There were a number of technical difficulties encountered in the analyses of these data. The reader should be aware of and take these limitations into account in making any interpretations and/or conclusions from this report. The five-point scale utilized in most of the questions contained a "Don't Know" response choice as the third choice between two positive choices (favorable to the program) that preceded it and two negative choices (unfavorable to the program) that followed it. Ultimately, we decided to include it in the analysis, in order to increase the variability of responses and because such an approach was supported by the data's distribution.
Another difficulty was encountered in Question 1, which asked "If we were not available for service, where would you have gone?" There were 3 response choices: (1) one was "County Mental Health Hospital", (2) the next was "Private Hospital", and (3) the last choice was "Other." Forty five percent (n = 921) of the respondents chose "Other." The "Other" category was followed by a request to "Please Specify." A review of the written responses to the request to "Please Specify" supported our suspicions that there were not enough choices offered. For example, there were a number of responses that specified the Veterans Hospital, which is not a "Private Hospital." The original intent of the question was to ascertain whether the client believed he or she would have needed a hospital if the START program were not available. Clearly, the response choices provided were inadequate. While we were able to aggregate and categorize the responses, this was time-consuming and not an optimal example of data-gathering techniques.
Another problem area was the lack of a comparison group. As this was a "home-grown" instrument, we did not have the benefit of standardization data with which to make comparisons. Consequently, we were limited to comparisons we could make with the existing data. Attkisson and Zwick (1982) and others (Nyugen, Attkisson, & Stegner, 1983) have reported on the widespread tendency of clients and other consumers of services to report high levels of satisfaction which has been characterized as ubiquitous. Clearly, in the absence of comparative data, one must take this tendency into account.

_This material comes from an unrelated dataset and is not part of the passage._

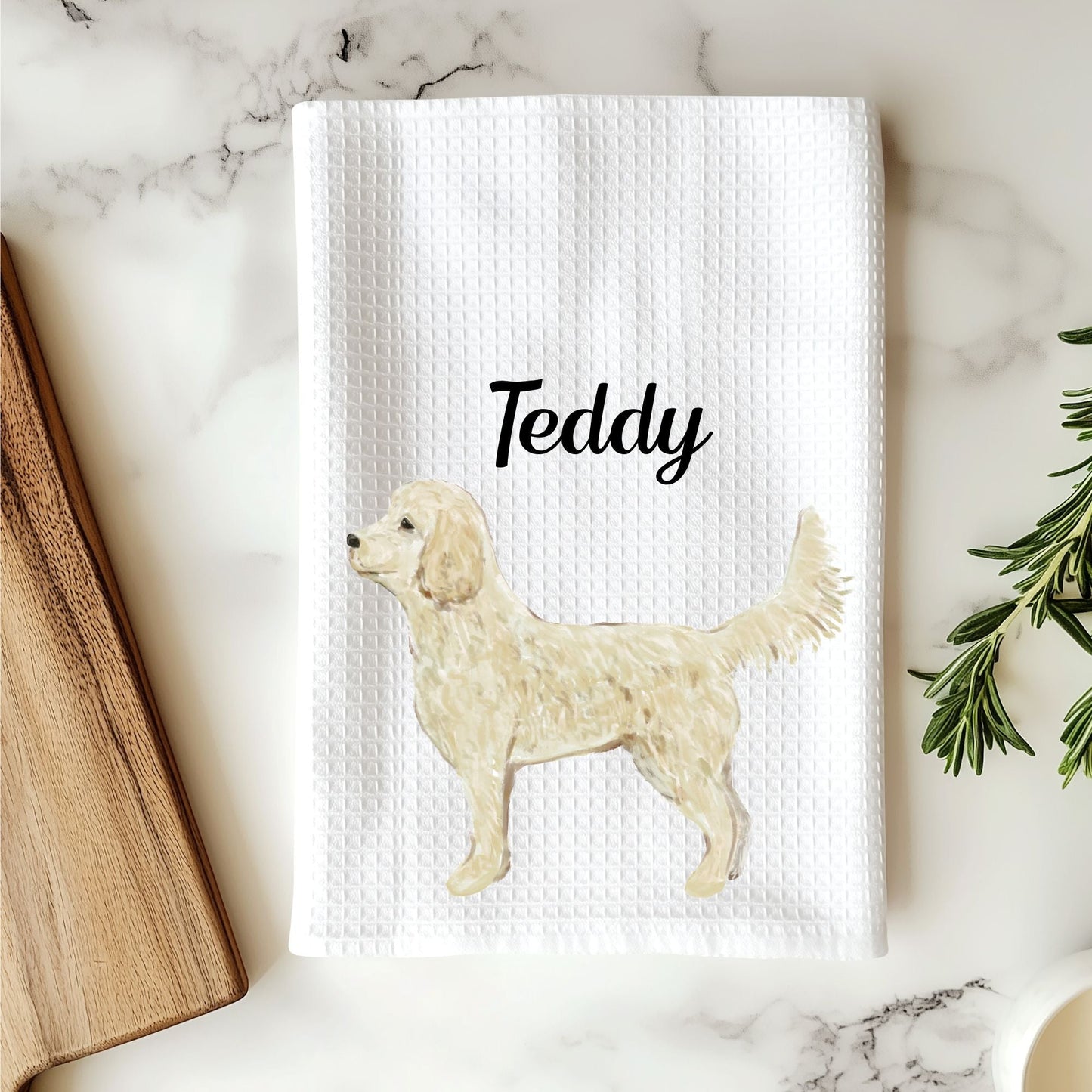Standing Goldendoodle Kitchen Towel - MerikaArt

Another potential source of positive bias was due to the fact that, in many cases, clients who either left the program against medical advice or were transferred to a hospital did not fill out a survey. While the proportion of these types of discharges is small (<10%), these clients may well have given less favorable responses had they completed a survey.
Despite substantive technical limitations, the information, especially specific comments, complaints, and suggestions, generated by these surveys has been useful in our ongoing quality improvement efforts. Our START programs have been incorporating this information into program improvement efforts for many years. As our name implies, Community Research Foundation firmly believes in the process of attempting to quantify different aspects of care for research and quality improvement purposes. Who better to ask to evaluate our services than the clients we serve.
Attkisson, C. C., & Zwick, R. (1982). The Client Satisfaction Questionnaire: Psychometric properties and correlations with service utilization and psychotherapy outcome. Evaluation and Program Planning, 5, 233-237.
Nguyen, T. D., Attkisson, C. C., & Stegner, B. L. (1983). Assessment of patient satisfactionL Development and refinement of a service evaluation questionnaire. Evaluation and Program Planning, 6, 299-314.